Greencoat UK Wind PLC is the leading listed renewable infrastructure fund, invested in operating UK wind farms. The Company's aim is to provide investors with an annual dividend that increases in line with RPI inflation while preserving the capital value of its investment portfolio in the long term on a real basis through reinvestment of excess cash flow and the prudent use of gearing.

 

2017 Highlights

 

Performance in line with expectations

  • The Group's investments generated 1,457GWh of electricity, in line with budget. 
  • Net cash generation (Group and wind farm SPVs) was £80.1 million.

 

High quality acquisitions and oversubscribed equity raising

  • Acquisition of interests in 10 further wind farms and an additional interest in Clyde increased the portfolio to 29 wind farm investments, net generating capacity to 694MW and GAV to £1,409.0 million as at 31 December 2017.
  • Issuance of further shares raising £340 million in October 2017. 

 

Dividends and returns

  • The Company has declared total dividends of 6.49 pence per share with respect to the year and is targeting a dividend of 6.76 pence per share for 2018 (increased in line with December 2017 RPI).
  • NAV growth of 2.6 pence per share (adjusting for dividends).

 

Key Metrics

 

As at 31 December 2017

 

 

 

 

Market capitalisation

£1,263.0 million

Share price

122.8 pence

Dividends with respect to the year

£57.3 million

Dividends with respect to the year per share

6.49 pence

GAV

£1,409.0 million

NAV

£1,144.0 million

NAV per share

111.2 pence

NAV growth per share (adjusting for dividends)

2.6 pence

Total return (NAV)

8.5 per cent.

TSR

8.4 per cent.

 

Commenting on today's results, Tim Ingram, Chairman of Greencoat UK Wind, said:

We are pleased to report another year of solid, consistent performance, demonstrating the strength of our simple and transparent model. We have delivered a total shareholder return of 8.4% and NAV growth (adjusted for dividends) of 2.6p in 2017, and have again increased our target dividend by RPI, to 6.76p per share for 2018.

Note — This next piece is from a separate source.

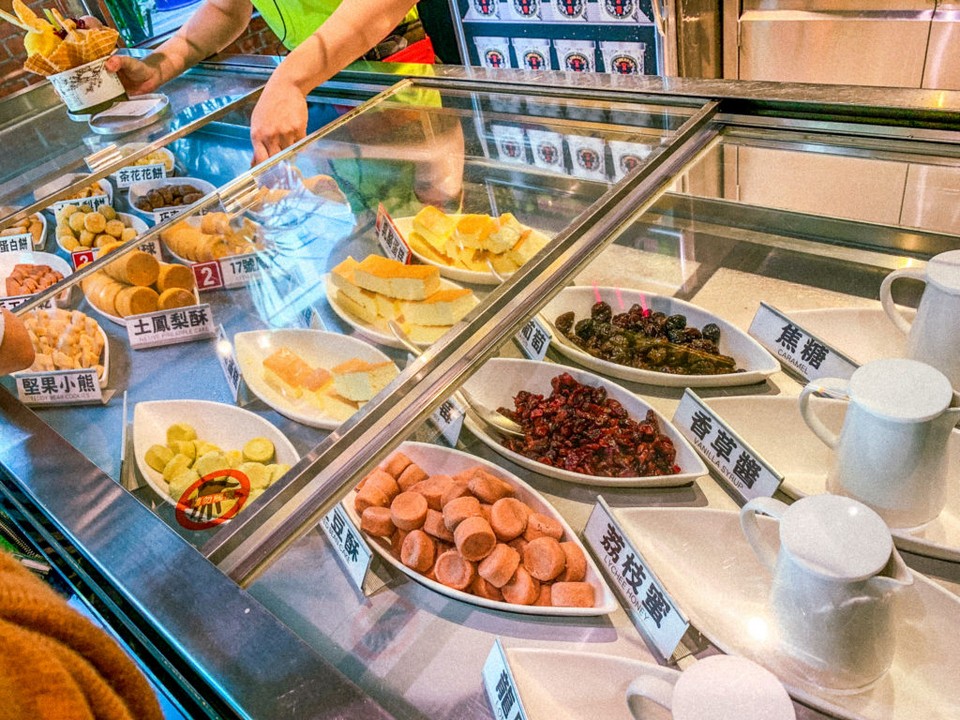 Where to eat in Taichung Taiwanese Ice-cream at Miyahara (1)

Our significant £340m capital raising in October helped to drive our market capitalisation comfortably beyond the £1bn milestone, demonstrating the size and scale we have achieved since we listed in 2013.

2017 was a busy year on the acquisition front. Whilst maintaining a disciplined approach to acquisitions, we were delighted to acquire interests in 10 new windfarms and increase our investment in the Clyde wind farm, growing our net generating capacity from 420MW to 694MW.

Looking ahead, wind remains the most mature and widely deployed renewable energy technology in the UK, and the Group is well placed to continue to take advantage of the abundant pool of operating wind assets in the UK. I remain confident that we will continue to meet our objectives of dividend growth in line with RPI and capital preservation in real terms.